[Crawled caption data]
►

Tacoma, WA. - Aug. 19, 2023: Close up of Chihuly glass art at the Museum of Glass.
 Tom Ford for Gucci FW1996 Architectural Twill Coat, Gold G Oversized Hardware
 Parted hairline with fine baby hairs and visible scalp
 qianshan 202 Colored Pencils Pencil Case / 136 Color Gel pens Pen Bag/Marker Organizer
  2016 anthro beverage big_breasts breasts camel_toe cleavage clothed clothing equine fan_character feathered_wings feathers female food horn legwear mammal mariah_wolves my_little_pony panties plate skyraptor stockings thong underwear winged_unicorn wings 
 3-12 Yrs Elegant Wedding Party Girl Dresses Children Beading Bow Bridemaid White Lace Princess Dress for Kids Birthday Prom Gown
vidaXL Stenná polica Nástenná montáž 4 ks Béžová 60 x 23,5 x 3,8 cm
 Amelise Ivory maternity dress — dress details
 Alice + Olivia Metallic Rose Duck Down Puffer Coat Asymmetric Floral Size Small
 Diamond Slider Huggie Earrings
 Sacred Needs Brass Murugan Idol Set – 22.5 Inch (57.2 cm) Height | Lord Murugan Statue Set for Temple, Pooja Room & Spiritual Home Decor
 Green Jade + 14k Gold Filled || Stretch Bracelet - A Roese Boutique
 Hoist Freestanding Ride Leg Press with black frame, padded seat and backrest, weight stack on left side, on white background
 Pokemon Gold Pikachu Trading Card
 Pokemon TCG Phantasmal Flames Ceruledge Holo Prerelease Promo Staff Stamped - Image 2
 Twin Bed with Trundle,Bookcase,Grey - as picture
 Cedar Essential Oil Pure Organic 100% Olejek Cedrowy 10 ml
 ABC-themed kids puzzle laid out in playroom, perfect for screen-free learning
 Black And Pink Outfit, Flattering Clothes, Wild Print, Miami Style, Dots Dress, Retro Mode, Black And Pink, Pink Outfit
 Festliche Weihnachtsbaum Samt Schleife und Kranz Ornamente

◄

#### What you should do:
Retype each of the records, word for word, with nothing added or dropped.

#### Result:
Tacoma, WA. - Aug. 19, 2023: Close up of Chihuly glass art at the Museum of Glass.
 Tom Ford for Gucci FW1996 Architectural Twill Coat, Gold G Oversized Hardware
 Parted hairline with fine baby hairs and visible scalp
 qianshan 202 Colored Pencils Pencil Case / 136 Color Gel pens Pen Bag/Marker Organizer
  2016 anthro beverage big_breasts breasts camel_toe cleavage clothed clothing equine fan_character feathered_wings feathers female food horn legwear mammal mariah_wolves my_little_pony panties plate skyraptor stockings thong underwear winged_unicorn wings 
 3-12 Yrs Elegant Wedding Party Girl Dresses Children Beading Bow Bridemaid White Lace Princess Dress for Kids Birthday Prom Gown
vidaXL Stenná polica Nástenná montáž 4 ks Béžová 60 x 23,5 x 3,8 cm
 Amelise Ivory maternity dress — dress details
 Alice + Olivia Metallic Rose Duck Down Puffer Coat Asymmetric Floral Size Small
 Diamond Slider Huggie Earrings
 Sacred Needs Brass Murugan Idol Set – 22.5 Inch (57.2 cm) Height | Lord Murugan Statue Set for Temple, Pooja Room & Spiritual Home Decor
 Green Jade + 14k Gold Filled || Stretch Bracelet - A Roese Boutique
 Hoist Freestanding Ride Leg Press with black frame, padded seat and backrest, weight stack on left side, on white background
 Pokemon Gold Pikachu Trading Card
 Pokemon TCG Phantasmal Flames Ceruledge Holo Prerelease Promo Staff Stamped - Image 2
 Twin Bed with Trundle,Bookcase,Grey - as picture
 Cedar Essential Oil Pure Organic 100% Olejek Cedrowy 10 ml
 ABC-themed kids puzzle laid out in playroom, perfect for screen-free learning
 Black And Pink Outfit, Flattering Clothes, Wild Print, Miami Style, Dots Dress, Retro Mode, Black And Pink, Pink Outfit
 Festliche Weihnachtsbaum Samt Schleife und Kranz Ornamente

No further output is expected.